El caso es que para apaciguar los ánimos no se le ocurrió mejor cosa que recortarles derechos a parte del profesorado. ¿Quizás quería dividirlos? ¿Le parecía una buena forma de negociar? ¿O es que odiaba a los profes?
Reconoció que las cosas iban bien en la educación navarra, al menos para las y los usuarios, pero se negaba a reconocer que esa situación se asentaba en el trabajo de las y los profes, cada vez más sobrecargados de trabajo, y menos aún a concederles mejoras a su situación. Mejoras en el número de alumnado que tenían que atender, una parte de los cuales requerían atención especial; mejoras en sus retribuciones, que habían disminuido con el tiempo; mejoras en sus excesivas horas extraordinarias o en las posibilidades de estabilización.
Sí que hizo unas propuestas vagas de mejora a futuro, pero además, condicionadas a los recortes de derechos ya mencionados. ¿Y cuáles eran esos derechos? Pues resulta que años atrás un gobierno de UPN había accedido a que el personal de cierta edad tuviera menos horas lectivas, es decir, menos horas de clases (que no de estancia en el centro). Se supone que dicho gobierno vio unas razones para ello. Tal vez pensó que el trabajo en el aula es exigente física y mentalmente y que a determinadas edades esos esfuerzos deberían reducirse (el consejero en cuestión nunca dio clases). O quizás también se tuvo en cuenta que con la edad se empezaban a perder facultades y que podría costar más realizar todas las tareas que conllevaba la profesión de docente (el consejero también tenía esa edad).
Así que el consejero se escudó en una ley que no decía lo que él decía que decía y concedió que la mitad de las horas de reducción siguieran como estaban (es decir, como decía la ley), pero que las otras deberían usarse en tareas del centro que quitarían horas a otros profes (y con ello se disminuirían puestos de trabajo).

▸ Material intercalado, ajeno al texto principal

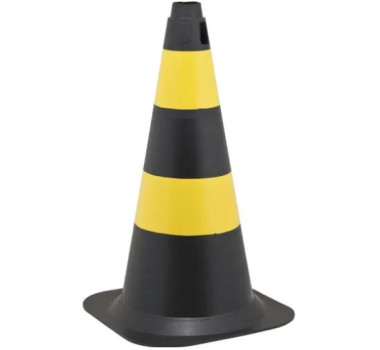 Imagem: CONE SINALIZACAO PRETO AMARELO 75CM  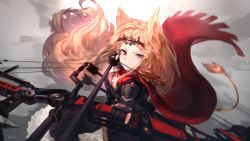 Rule 34 | 1girl, absurdres, aiming, animal ears, archery shooting glove, archetto (arknights), arknights, arrow (projectile), backlighting, black dress, black gloves, blonde hair, bow (weapon), breasts, cape, circlet, dress, gloves, heterochromia, highres, holding, holding bow (weapon), holding weapon, huge filesize, long hair, looking at viewer, medium breasts, partially fingerless gloves, purple eyes, red cape, red eyes, ribiadan, signature, solo, tail, v-shaped eyebrows, very long hair, weapon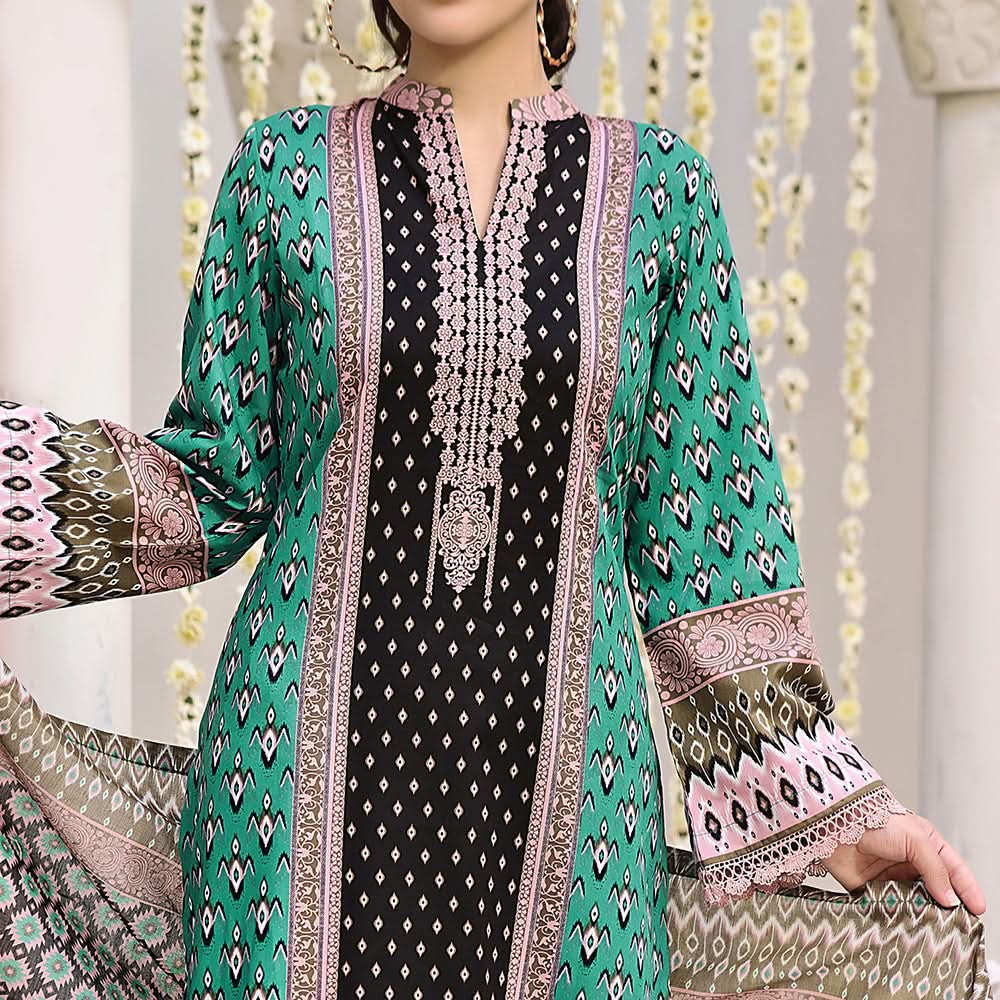 Vs Ayesha Alishba Printed Lawn Suit Unstitched 3Pcs - 228, Women, 3Pcs Shalwar Suit, VS Textile, Chase Value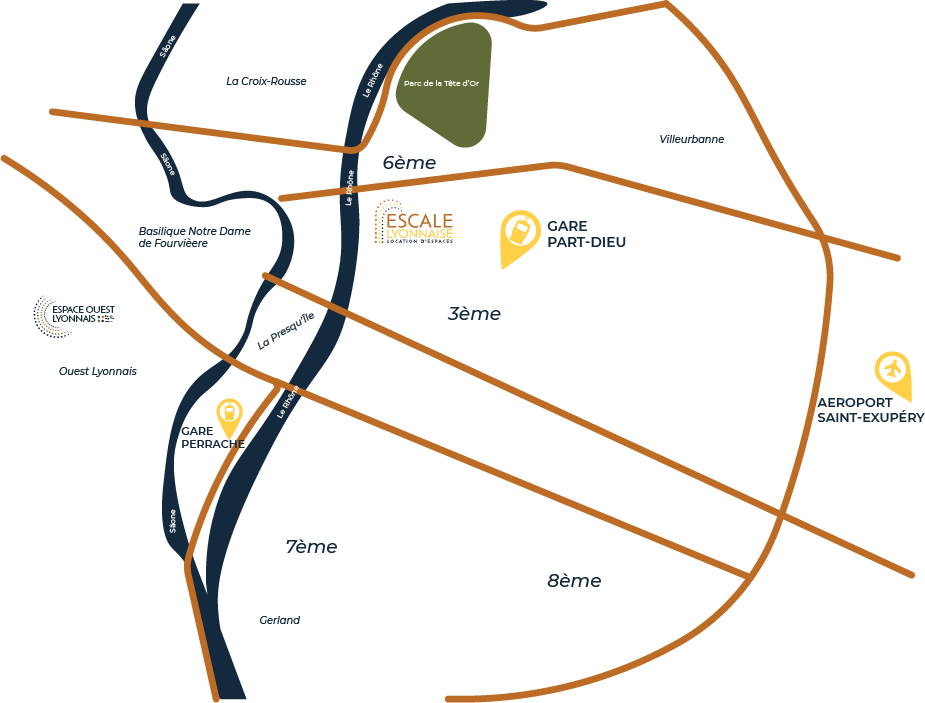 Train et Avion Location d’espaces à l’Escale Lyonnaise à Lyon pour séminaire, réunion, formation, événementiel, conférence associations et professionnel.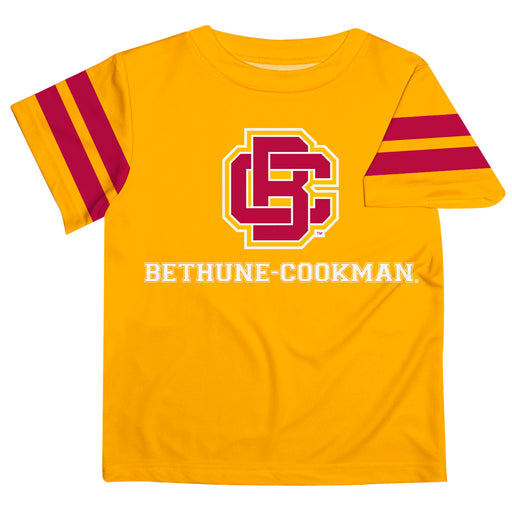 Bethune-Cookman Wildcats Vive La Fete Boys Game Day Yellow Short Sleeve Tee with Stripes on Sleeves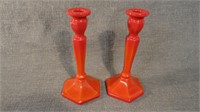 Vintage Northwood  Chinese Coral Candle Holders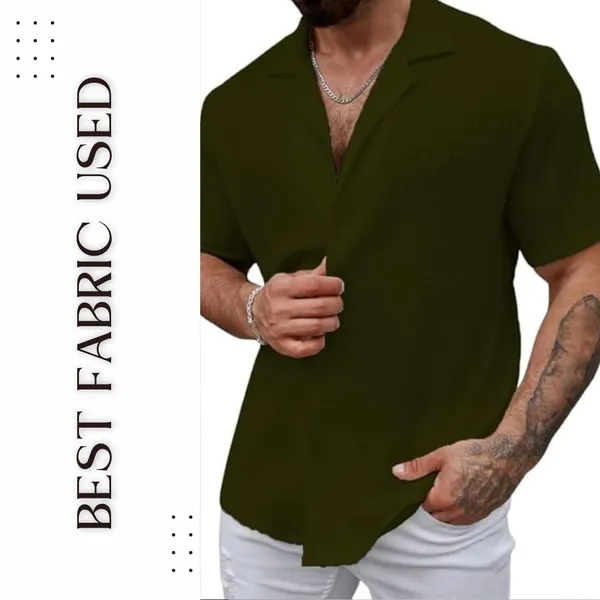 Green_Premium_Cotton_Blend_Casual_Shirt_For_Men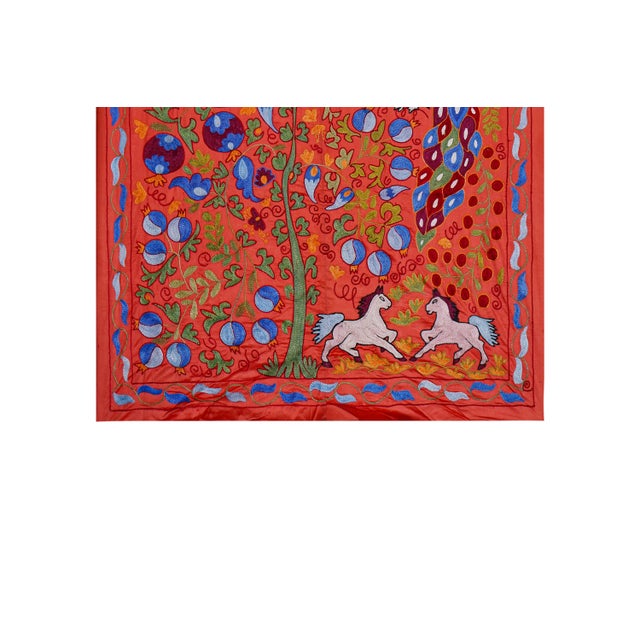 1960s Uzbekistan Central Asian Suzani 3'4'' x 6'1'' Dimension; 40.5" x 75" inches / 103 x 185 Cm / 3'4'' x 6'1''...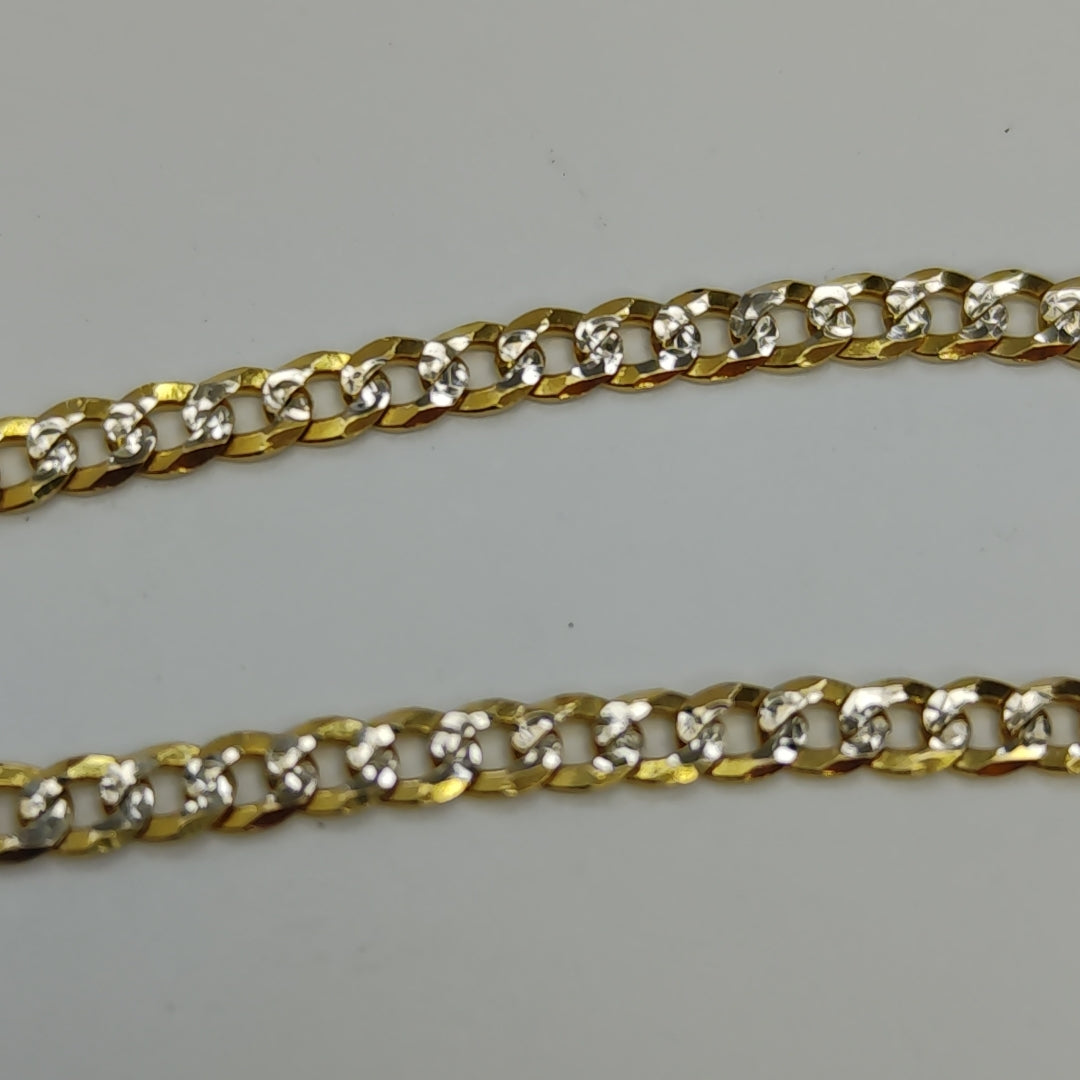 PULSERAS TEJIDO BARBADA DIAMANTADA ORO 14K 18 CM 3.1 GR (NUEVO)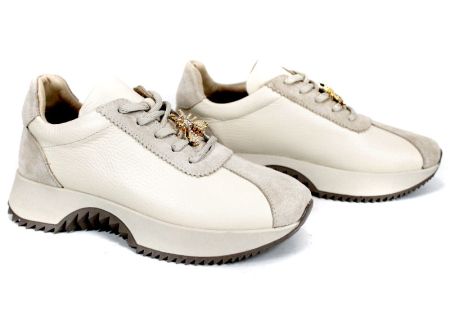 Sneakers damă Soft Edge din piele naturală – albi cu imprimeu leopard argintiu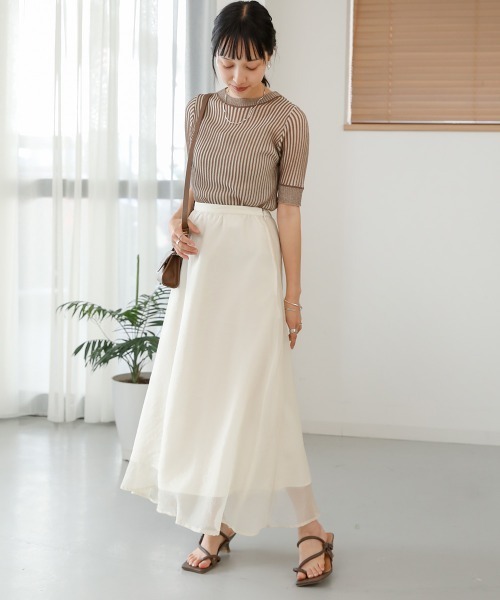 Bab(バブ)の「ストライプニットトップス(Tシャツ/カットソー・レディース・ブラック/ブラウン/グリーン・FREE)」の7枚目の写真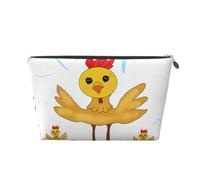 Hen Family Leather Toiletry Bag, Travel Wash Kit | Hen Family Printed Leather Wash Kit, A Practical Gift For , With Roomy Zipper Pocket For Cosmetics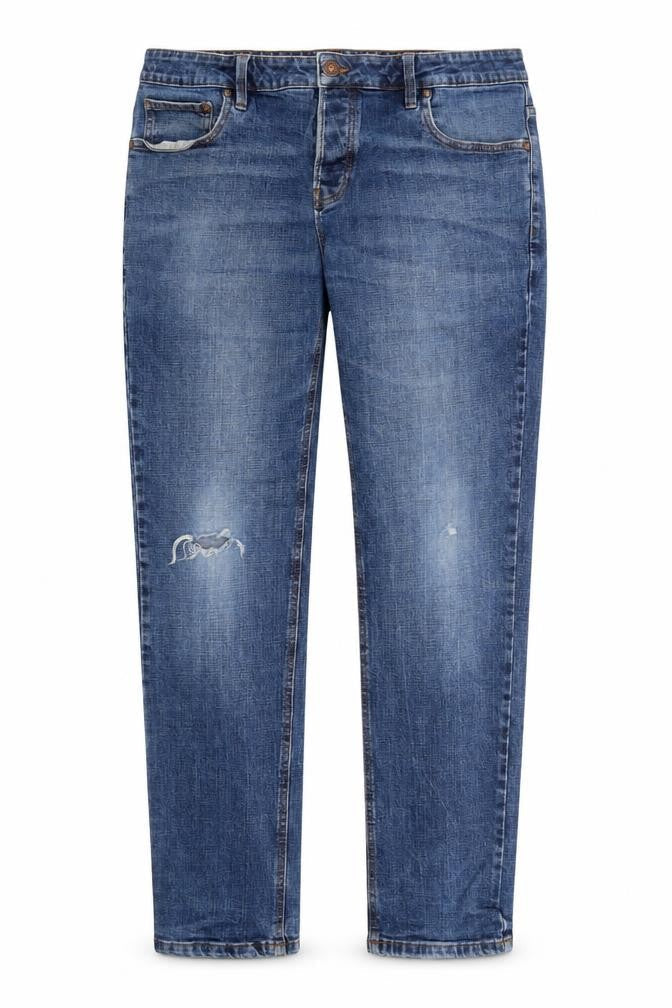 Front view of Next women’s blue camel straight jeans, size UK 36, 30-inch leg slim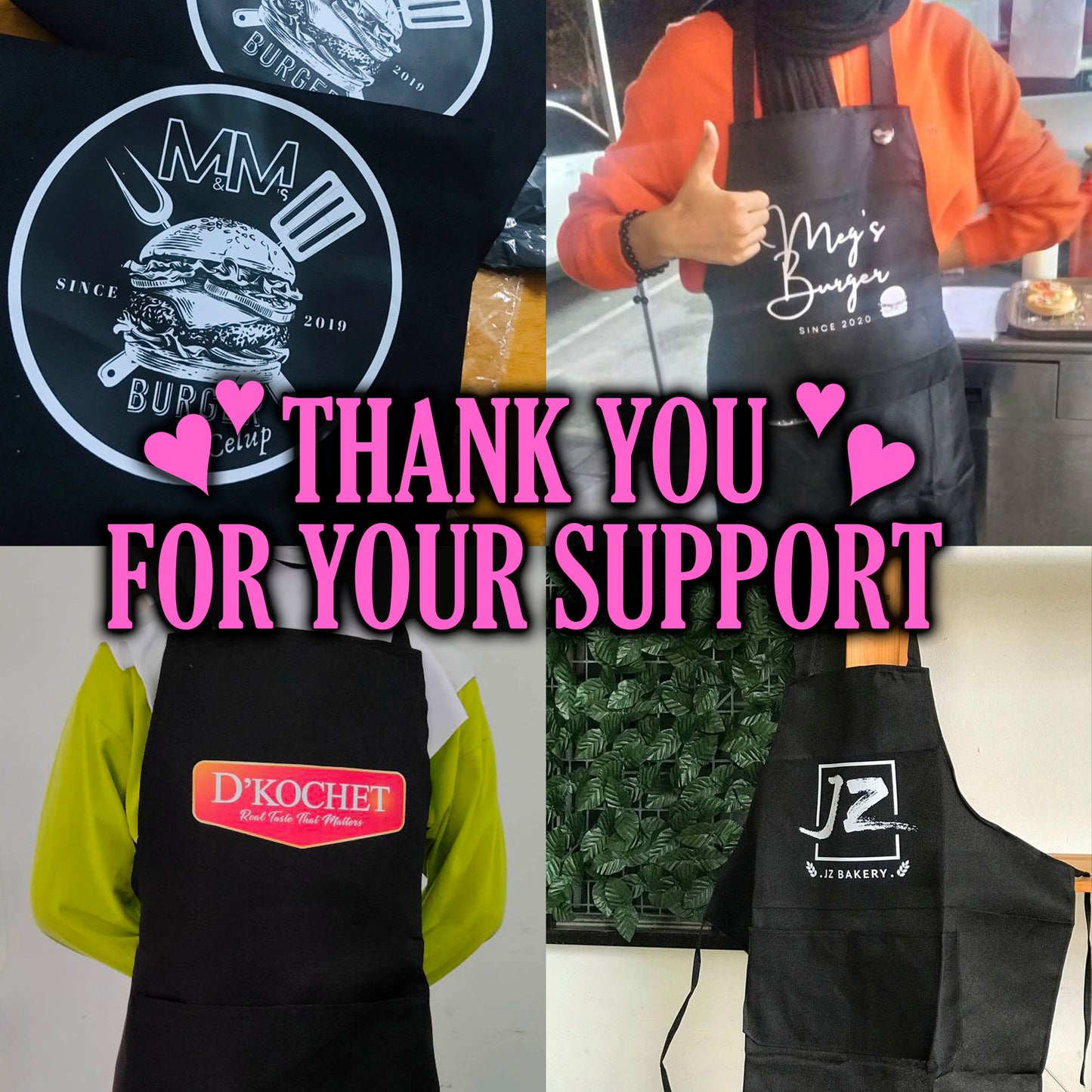 Custom Printed Polyester Waterproof Oilproof Lightweight Two Pockets Overall Apron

Este señor consejero en sus tiempos como parlamentario foral, entonces en la oposición, ya fue recriminado por las formas que usaba en sus intervenciones (tampoco amaba a las y los parlamentarios que entonces apoyaban al gobierno). Y ahora los sindicatos se quejan de su cerrazón y de que se escuda en las limitaciones presupuestarias para no proponer avances. Pero es normal, de un consejero que no ama precisamente a las y los profes no se puede esperar que intente mejorar las partidas de su departamento, a pesar de ser la presidenta del gobierno, casualmente, de su mismo partido.
La cuestión es que por mucho menos un antecesor suyo en el cargo (que sí había dado clases) tuvo que dimitir. Así que podríamos pensar que uno de los que con más empeño exigieron dicha dimisión (sí, el señor consejero) igual podría llegar a la conclusión de que no es la persona adecuada para el cargo, que tal vez otra persona más dialogante podría mejorar las relaciones entre el profesorado y su máximo responsable; que a lo mejor alguien con cierta preocupación por el bienestar del profesorado podría ser una mejor opción. Porque sí, mucha gente pensaba que al consejero le había llegado la hora de dejar el cargo y pasar a otras ocupaciones.